Reddit also had the ability to just type in my address bar “/r/obscurefandom” and be taken directly to the subreddit for it. Lemmy doesn’t have those smaller subs yet and you have to hunt for the right instance if it does.
Even TV shows that have been off air for a decade often have a thriving community. Merlin, the BBC show, has several posts per day. Similarly with Smallville. Lemmy’s communities are smaller and tend to be broken up across instances.
Reddit will have active subs for specific board games. The general board games magazine on Lemmy has 1 post a month.
So ya, if I want to read comments on the latest episode of Loki to see what things people picked up on that I missed Reddit is currently the only place to find that.
I feel like there needs to be instance aggregation for Lemmy to really work in the long run (and really this is probably true of the fediverse in general). Having to add communities across multiple instances, and not being able to browse them in a centralized way, really detracts from the experience. On Reddit, I subbed to the stuff I wanted and just lived off that feed. With Lemmy, I feel like I have to stay in unfiltered view to get anything of interest–the fragmented niche communities are just too limiting.
Yes, Lemmy is Reddit with extra steps as long as you can’t click this /c/books And see, by default, every books community , on every server at once in a single place.
The Redditors who made it here, saw this and realized the fediverse promise, was just bait.
Since lemmy instance are hit and miss. Some popular ones are already talking about shutting down or have shut down. I highly doubt lemmy will get there.
“multi Reddit” like feature do not fix the problem.
First, like on Reddit, less than 5% of users will use it as a non default feature which needs to be configured.
Second, even of those people who use the feature, they will have different sets of differently configured “multireddit”.
The end result is a fragmented audience that has no shared experience and never aglomerates to critical mass.
If you have 1725 /c/books communities, that does not make one cohesive books community.
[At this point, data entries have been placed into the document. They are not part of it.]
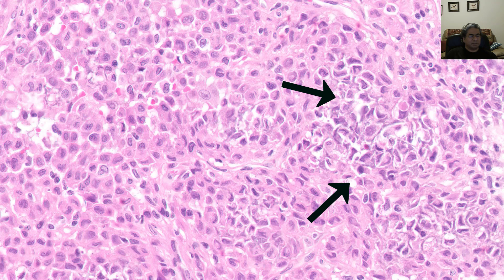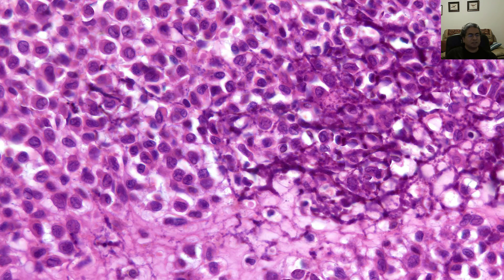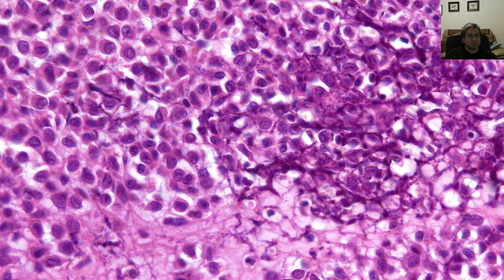Down here there's a bit of calcification — this is the so-called chicken-wire calcification. You may see it, you may not. But if you do, you're lucky; if you don't, the cells will give you the answer. If you're really lucky, you will see classic chicken-wire calcification surrounding the individual neoplastic cells.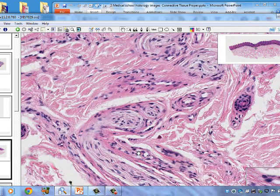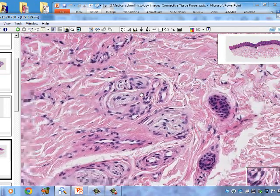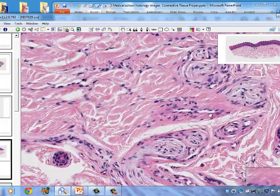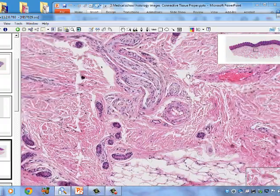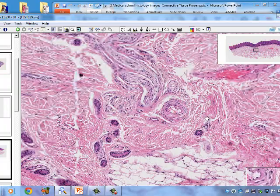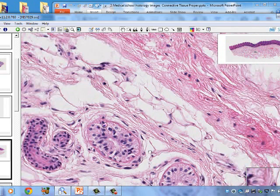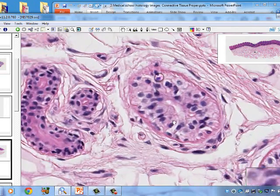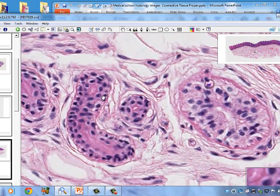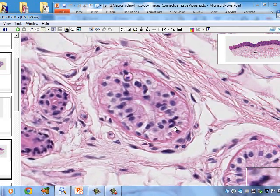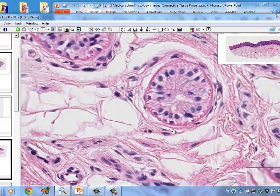Collagen bundles surround the perineurium of the nerve. Also visible are sweat ducts, a small artery, and more sweat ducts — with their eosinophilic secretory portions being larger than the duct portions. The duct has stratified cuboidal epithelium, and the pink cells around the secretory portion are myoepithelium.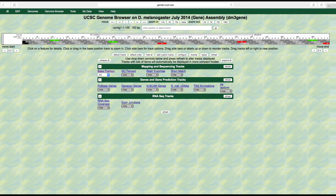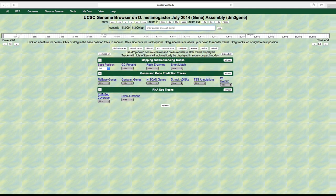Let's look at another feature — the genes that are located in this region of the genome. Let's zoom out to view the entire region by typing in contig 1 colon 1 through 11,000 in the position slash search box. Notice that we no longer see the bases or amino acids — there is not enough room to draw all the nucleotides and amino acids.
These people have nothing in common.
Practical end result, one books community on one Lemmy instance, is “the one big community” and almost every other gets 1 post per year on average, which is never seen by anyone.
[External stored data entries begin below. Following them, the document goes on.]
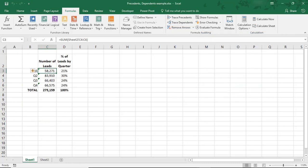So, I hope you found this tutorial helpful to learn how to find cells used in formulas by tracing Precedents and Dependents in Microsoft Excel. If you enjoyed it, please make sure to like the video and don't forget to subscribe to this channel. Thanks!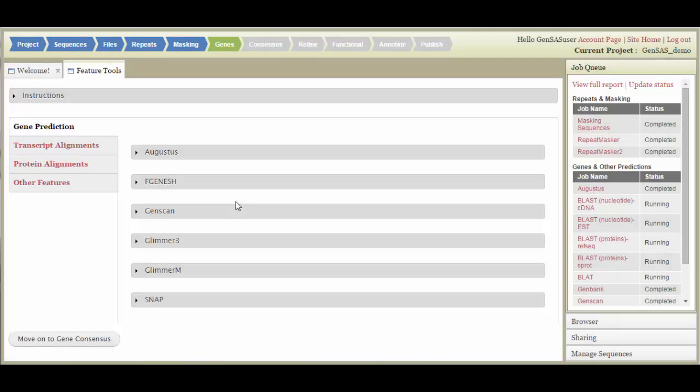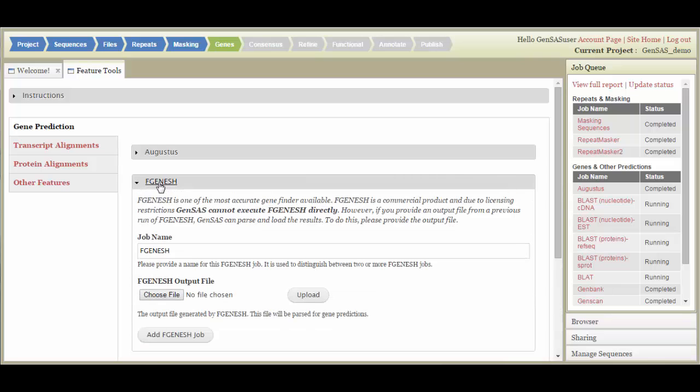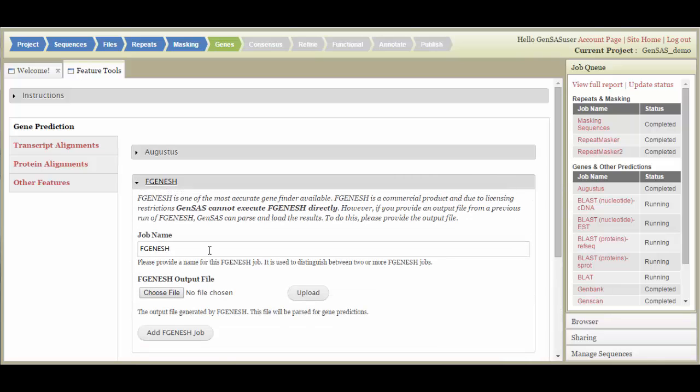On the Genes tab, you can set up a variety of structural annotation tools. There are four categories of tools. Under Gene Prediction, Glimmer3 is for prokaryotes, and the rest of the tools are for eukaryotes. Please note that you cannot run FGeneSH through GenSaaS, but there is a place to upload your data so you can use it in the annotation process.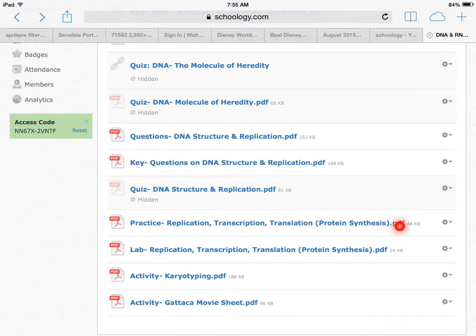Protein synthesis implies that we're making a protein. How do we do that? We replicate DNA, we transcribe the information, and we translate it into an amino acid sequence. A bunch of amino acids linked together via peptide bonds makes a protein.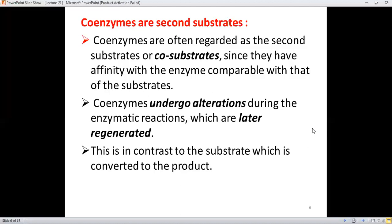This is in contrast to the substrate, which is converted to the product. The key difference is that the substrate cannot be reversed once changed into product, but in the case of coenzymes, any alterations can be regenerated and regained. Therefore, the coenzyme is again available for other enzymes, and this is why coenzymes are also termed the second substrate.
For every big community, every once in a while, the moderation dictators sell out or otherwise piss off the community enough that it fragments. That works as well as the current transition from Reddit to Lemmy.
Each schism doesn’t create a new, better community, it creates a smaller, less active community at the expense of the larger one.
There needs to be a single point of agglomeration, which works by default for any community name.
And moderation needs to be something dive by every user and moderation needs to be a filter that you subscribe to.
I wish they were true but reality is that people will accept just about any and all abuse and stay with the crap despite sometimes getting angry about it.
I lurk the Reddit’s onion site using tor and turn JavaScript off. I don’t even have an account there anymore so I can’t comment on anything. This way they don’t get any advertising dollars from me. But it’s the best way for me to keep up with what’s new and upcoming in some special fields that I’m in.